Courtesy San Antonio Scorpions
The second-division US soccer league has turned to Peterson, a man who's worked in several different areas of American sports, to fill its vacancy at the top.
The North American Soccer League has announced that Bill Peterson will begin serving as league commissioner, following the decision of David Downs to step down earlier this fall. Peterson had experience working with soccer in America from 2000 to 2006, when he was the Managing Director of the Home Depot Center, the home of Major League Soccer's Los Angeles Galaxy and Chivas USA.
Peterson, who said he'd spent the past nine months in Winnipeg, working as a consultant with the Canadian Football League Blue Bombers, set out an agenda for the NASL that's centered around getting fans in the stands. Calling it "priority one, two, and three," he said, "The biggest thing I want to see is our teams focused 100% on creating a great environment and promoting to fans in their local markets and filling their stadiums. When that happens, the other things fall into place."
Asked what changes he'd like to see from how teams currently promote themselves, he begged off based on his short tenure in the job so far, saying, "I don't know what each team is using and not using. But I really believe when people get a chance to watch a game, they're going to come back."

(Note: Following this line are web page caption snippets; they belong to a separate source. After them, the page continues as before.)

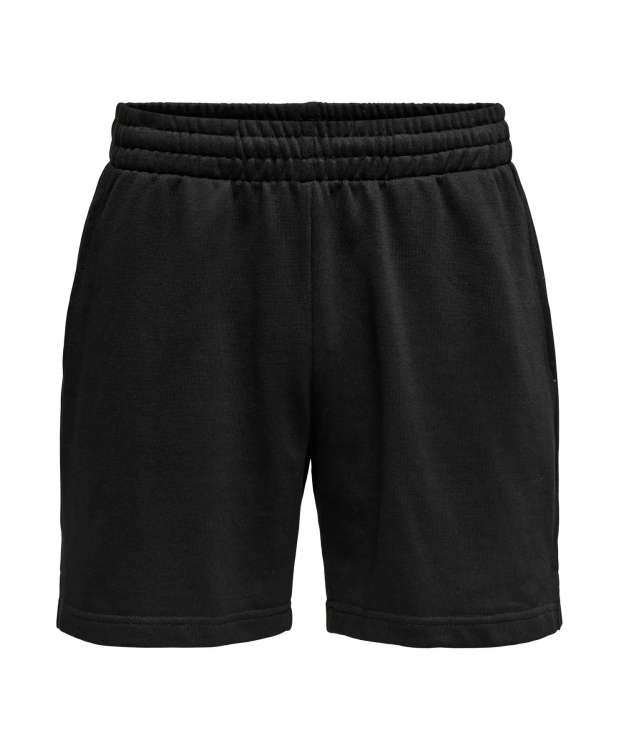 ONLY & SONS sweat shorts i sort til herre billede 1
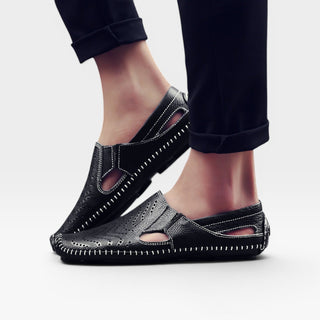 Mules en cuir style italien pour hommes – Mules d&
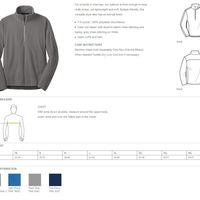 Monogrammed Men's Fleece Jacket - Thumbnail 2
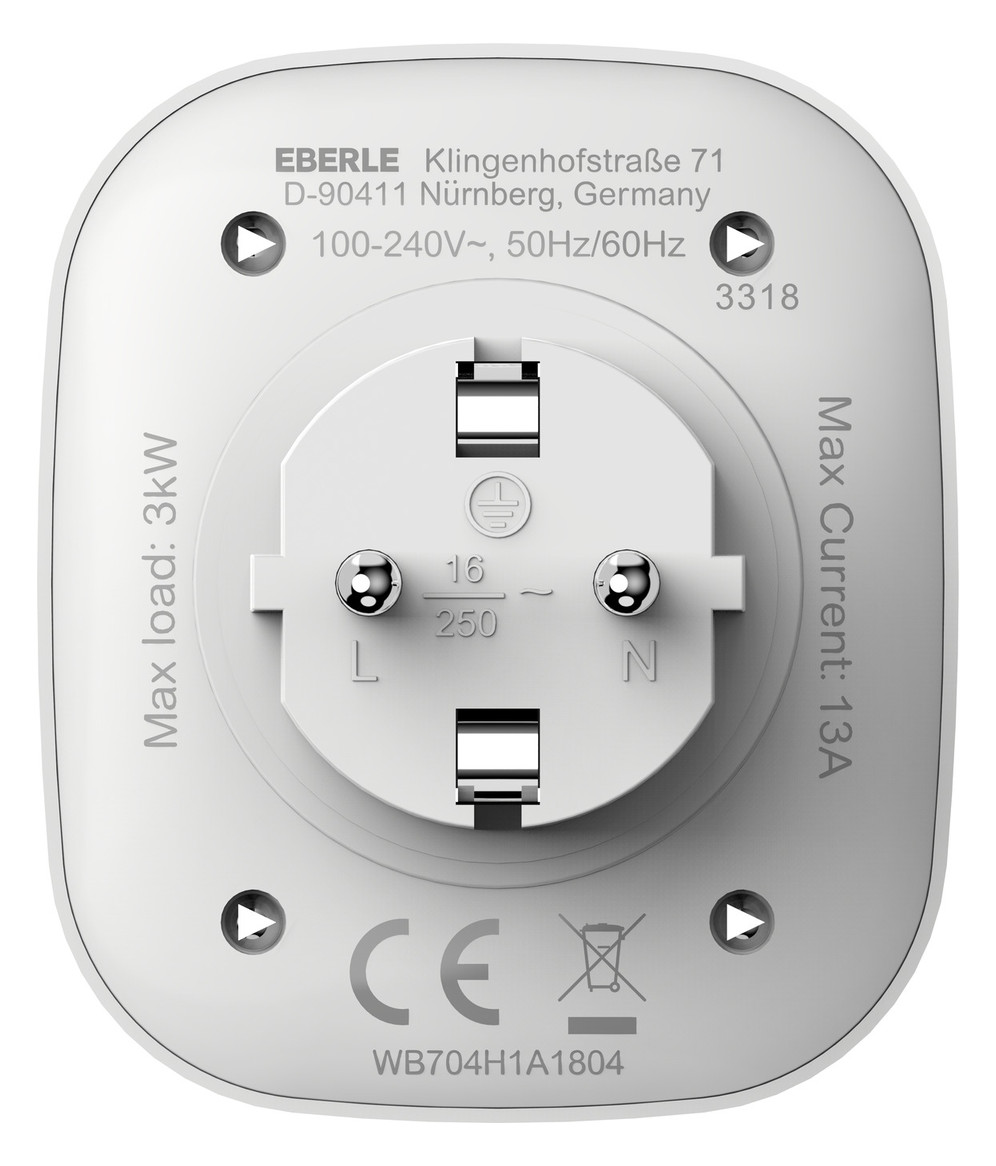 Schaltaktor Funkb C-Last Wiser Steckd TE 13A 3000W 230V Vor Ort-/Handbedienung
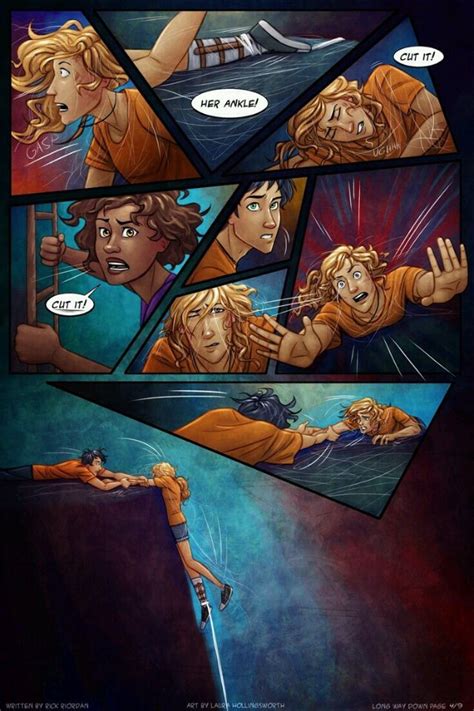 Percabeth Falling Into Tartarus Comic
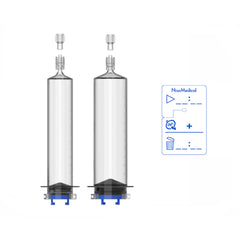 24-Hour Syringe Kit, 1×65 ml + 1×115 ml + Timing Card for Bayer Spectris Solaris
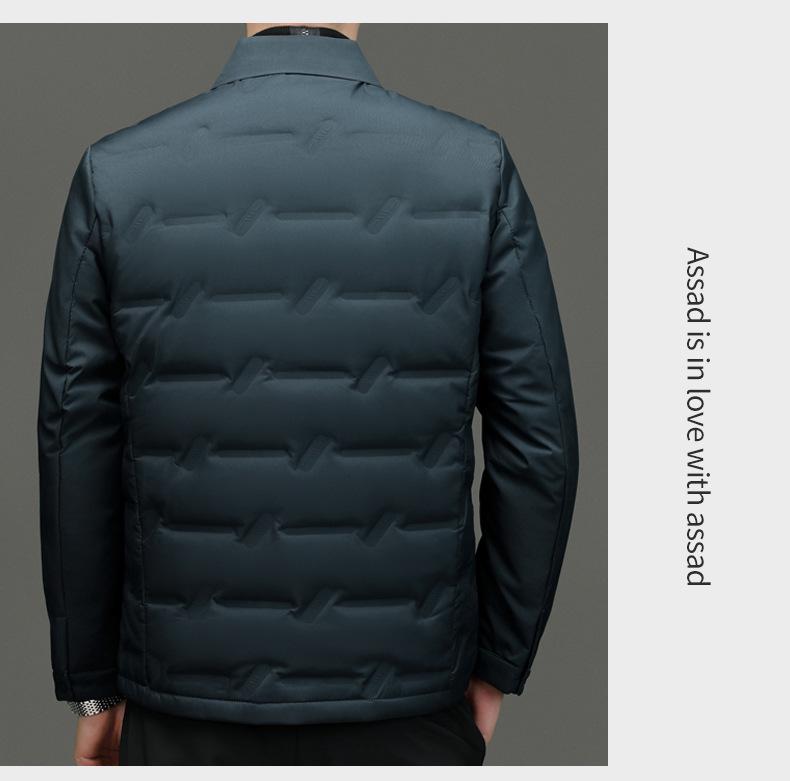 Men's Lightweight Shirt-Style Down Jacket - 2025 Autumn/Winter Business Casual Coat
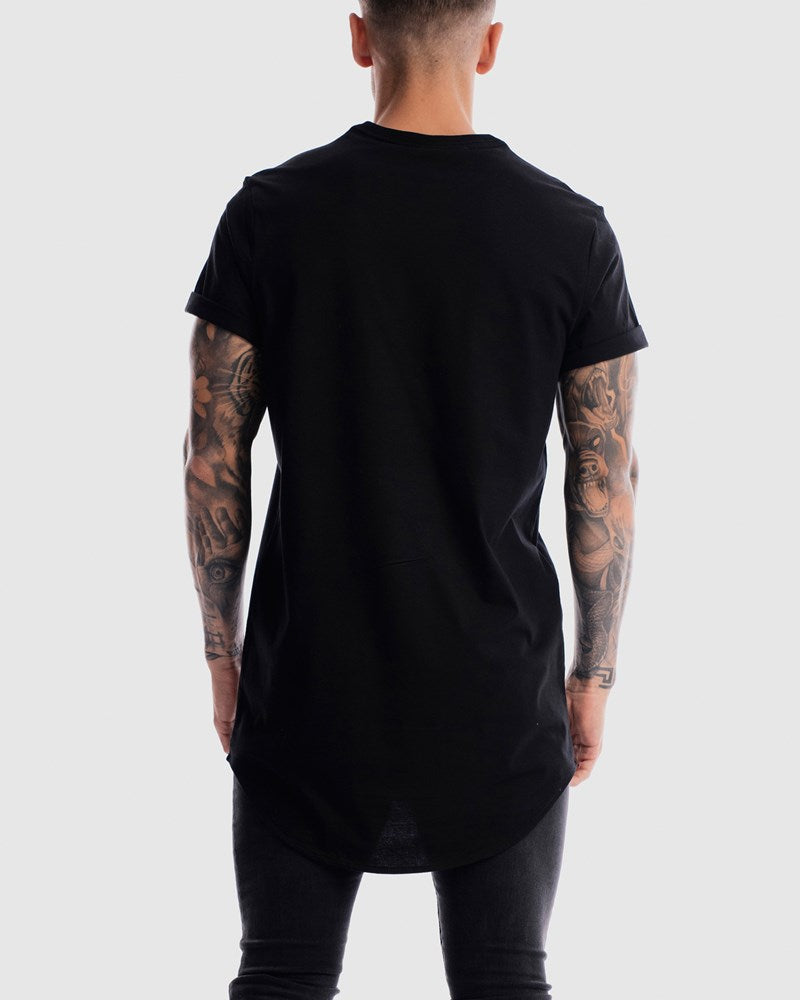 Locale Curved Hem Tee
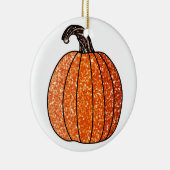 Glitter Pumpkin Keramisch Ornament (Rechts)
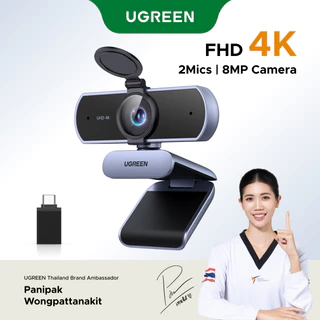 UGREEN กล้องภายนอกคอมพิวเตอร์ USB 1080P 30FPS 200W พิกเซล โฟกัสคงที่ ไมโครโฟนในตัว พร้อมสายเคเบิล 2 เมตร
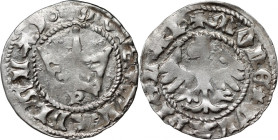 Władysław Jagiełło 1386-1434, półgrosz, Kraków, sygnatura P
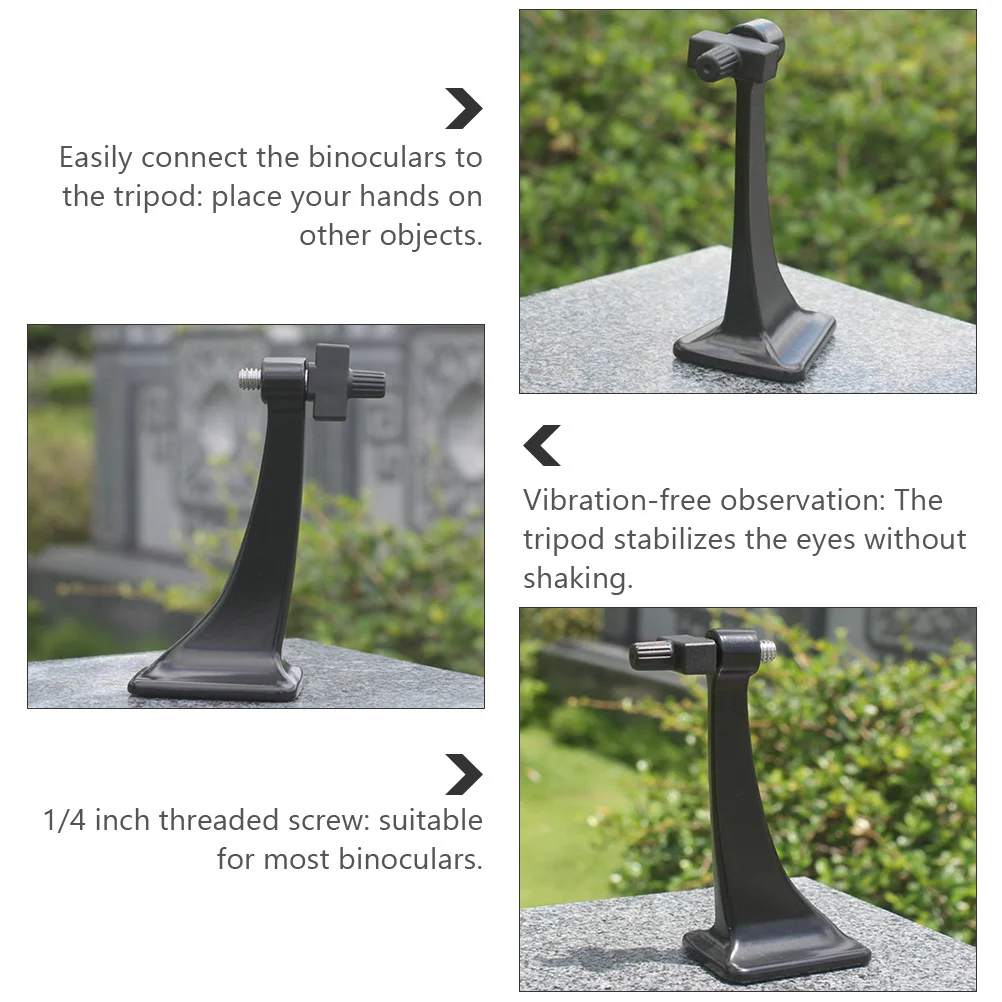 

Binocular Tripod Adapter 14 Inch Aluminum Alloy Durable Stable Viewing for Bird Watching Sports Events Binocular Tripod Adapter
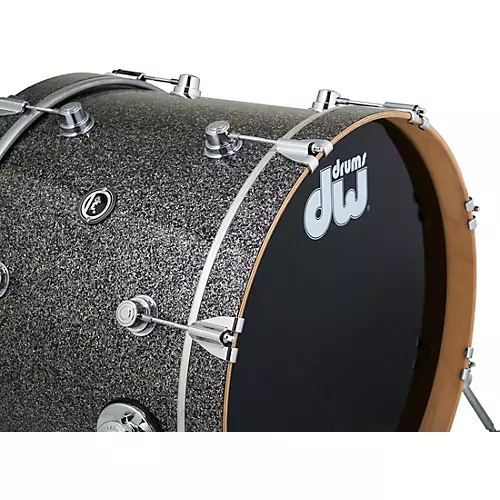 DW DWe Wireless Acoustic-Electronic Convertible 4-Piece Drum Set Bundle With 20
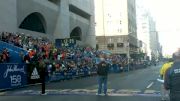 Ben True Finish of Men's 5k Boston Marathon 2012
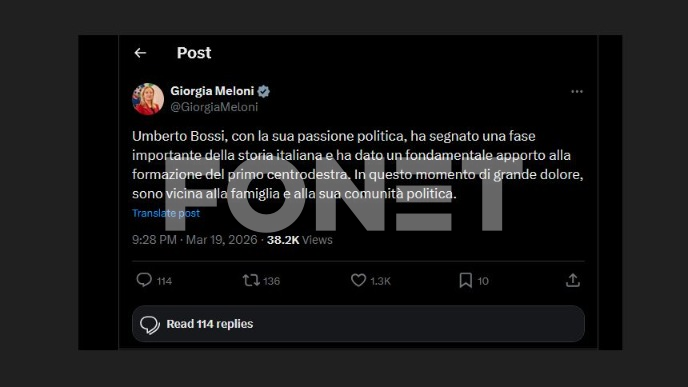 PREMINUO UMBERTO BOSI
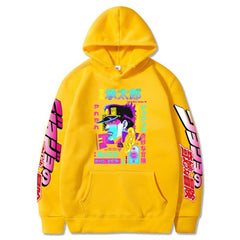 MAOKEI - JoJo Bizarre Jotaro Long Sleeve Hoodie - 1005003246724838-Black 1-XS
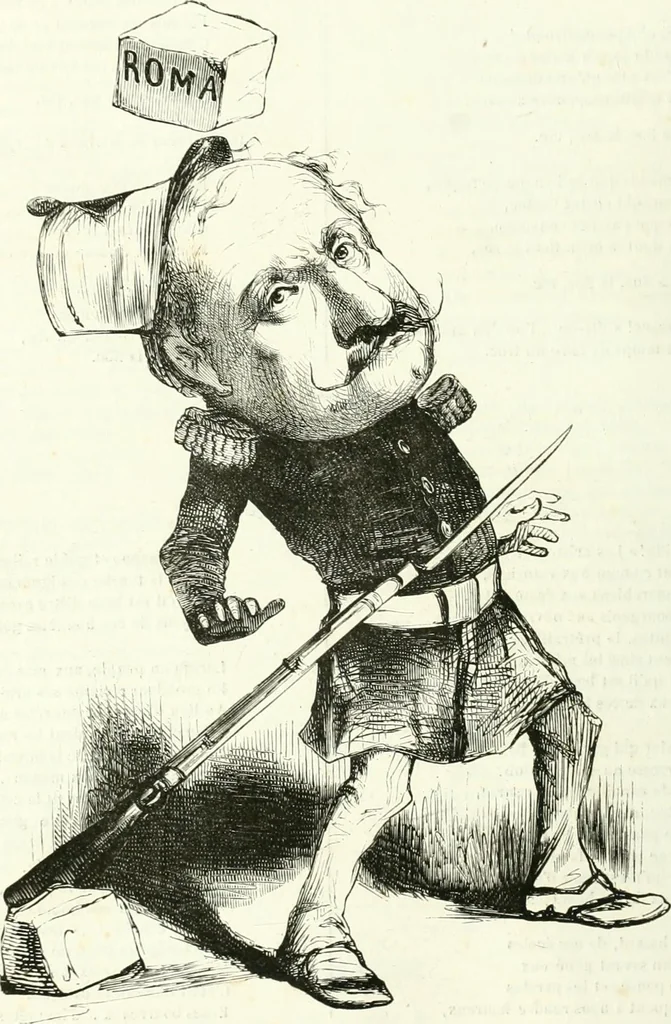 An illustration from Revue comique à l'usage des gens sérieux, 1848, leaf 447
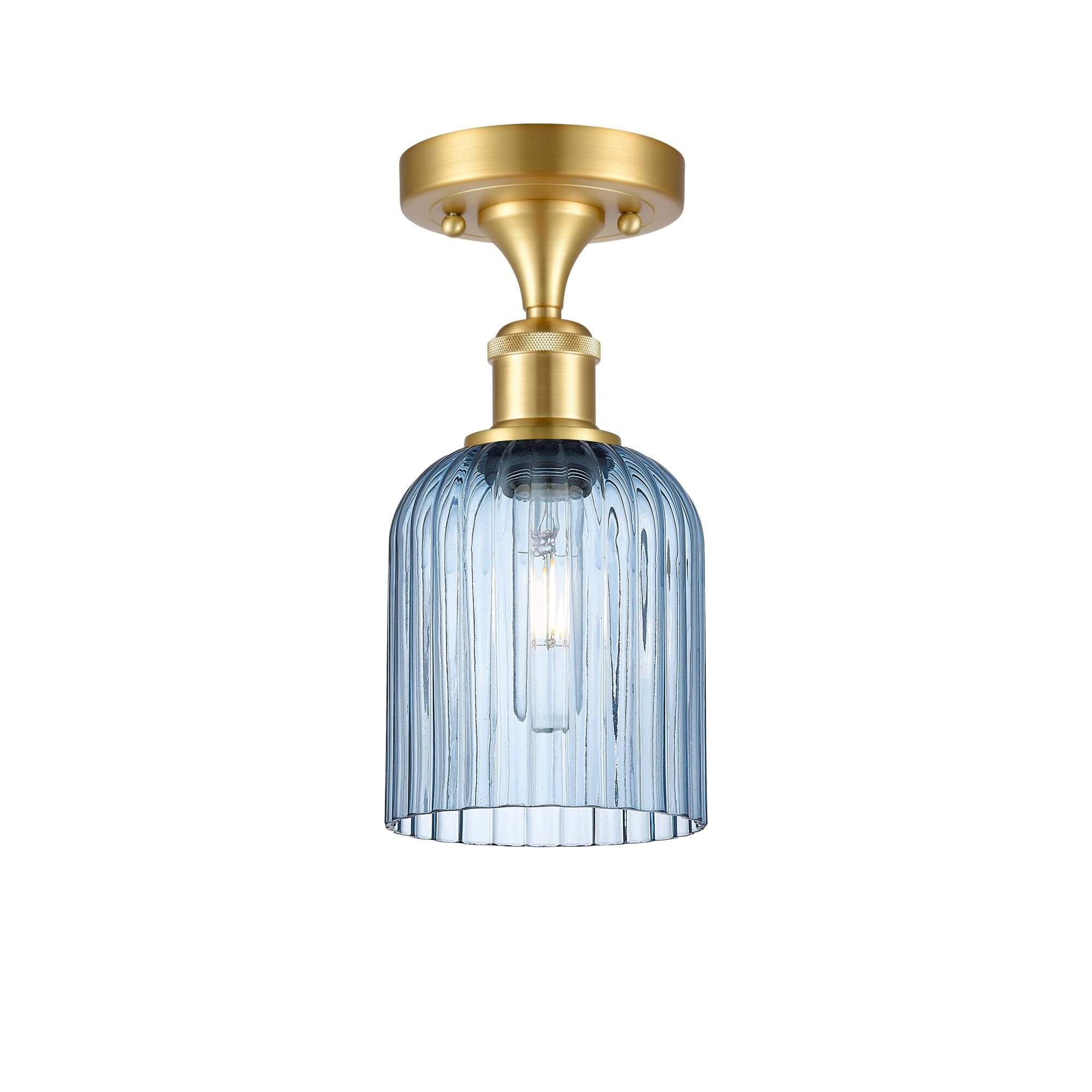 Shown in Satin Gold finish and Princess Blue shade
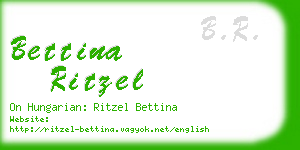 bettina ritzel business card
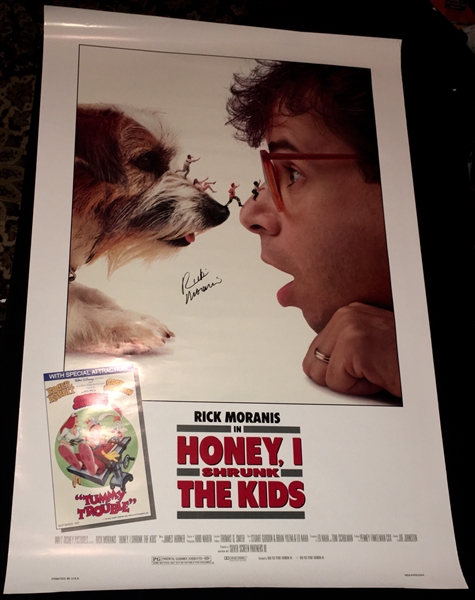 Rick Moranis RARE Signed 26" x 41" "Honey, I Shrunk the Kids" Movie Poster (Beckett/BAS Guaranteed)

Peterson also left the question of the NASL's newest team, the New York Cosmos, open-ended. In 2013, the NASL will go to a split schedule - with one half of the season taking place from late February through June, and the second half running from August through to November - and rumors have flown that the Cosmos will not be ready to begin play as scheduled for the first half of 2013. Said the commissioner, who lives in Florida, "I'd like to leave that until I have a chance to go up there and meet with them."
The split season may be difficult for local fans; the Stars will potentially face either a long road trip to open the season, the need to play home games in the Metrodome until the state thaws out, or a few awfully, awfully cold games in the early and late portions of the season. Traditionally, Minnesota's soccer teams have avoided scheduling home games until late April or May.
Peterson, however, was not worried about the need to play in the cold. "Those guys are tough," he said. "They make some great warm-weather gear."
Left unaddressed, however, was how soccer might be played on a frozen, snow-covered field with no grass.